» WHAT YOU ARE ASKED TO DO: Please write out only the lines from the line with "2017 new style" to the line with "Natural Keshi Pearl", inclusive, exactly as they stand below, without the pictures.

» MATERIAL TO PROCESS:
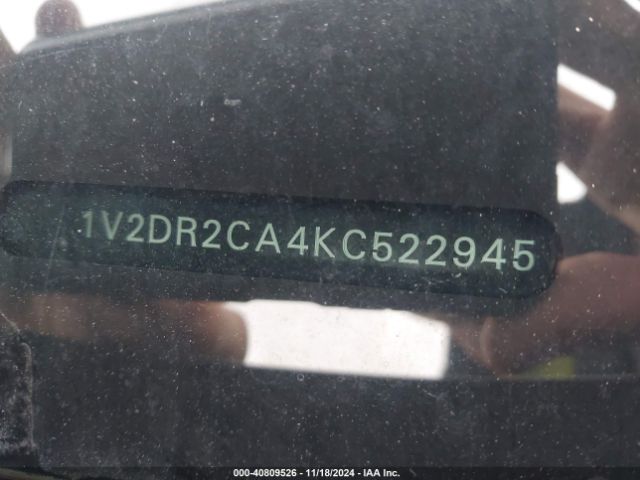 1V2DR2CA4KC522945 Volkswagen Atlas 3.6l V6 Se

---

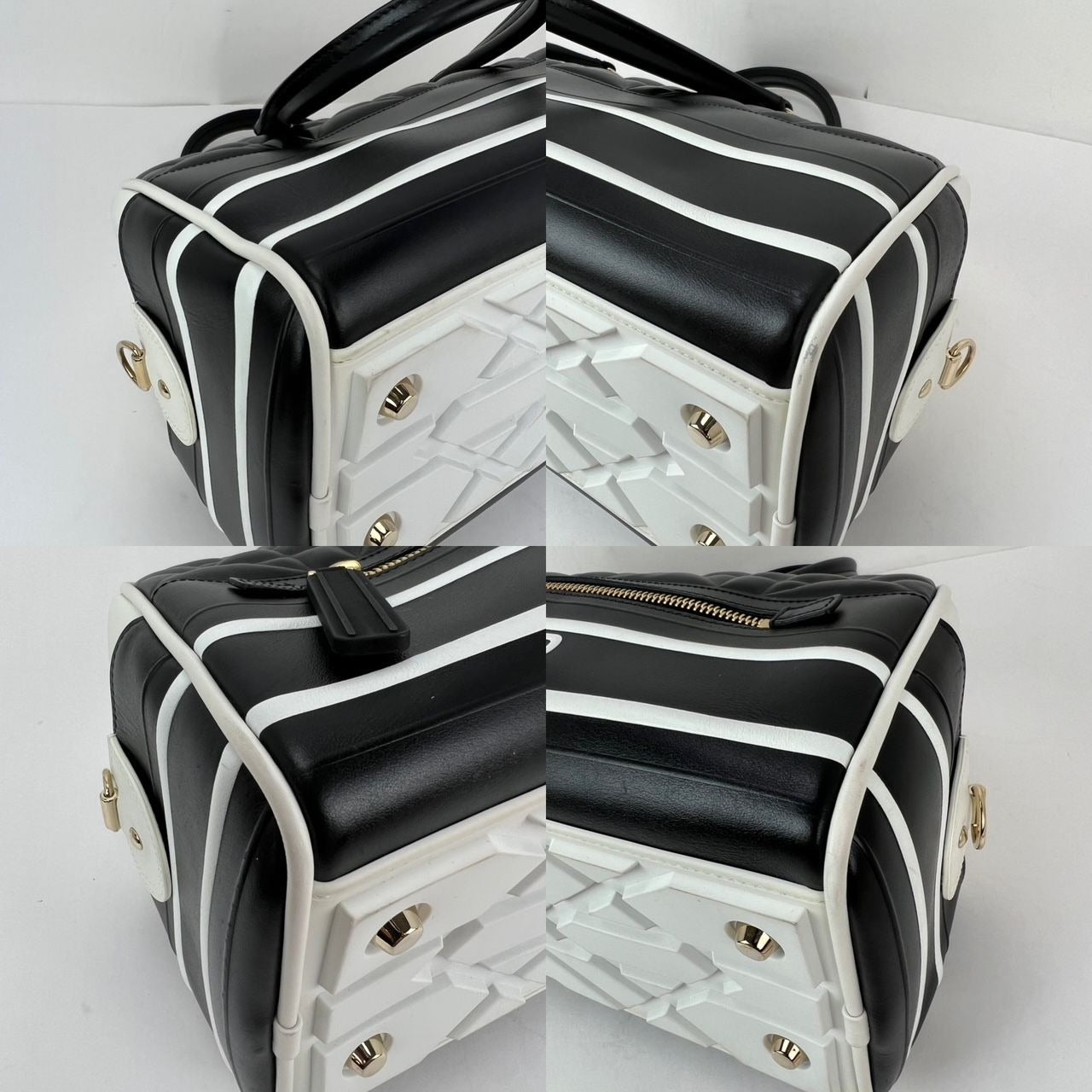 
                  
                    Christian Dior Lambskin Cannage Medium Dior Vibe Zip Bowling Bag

...

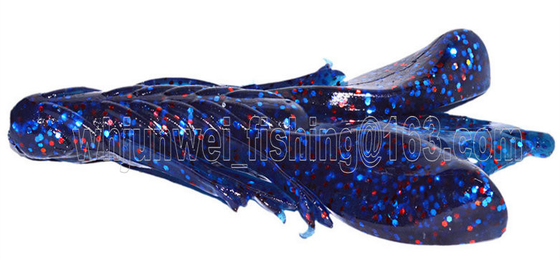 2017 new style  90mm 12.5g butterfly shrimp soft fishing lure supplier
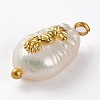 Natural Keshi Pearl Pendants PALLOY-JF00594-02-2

» TASK SOLUTION:
 2017 new style  90mm 12.5g butterfly shrimp soft fishing lure supplier
 Natural Keshi Pearl Pendants PALLOY-JF00594-02-2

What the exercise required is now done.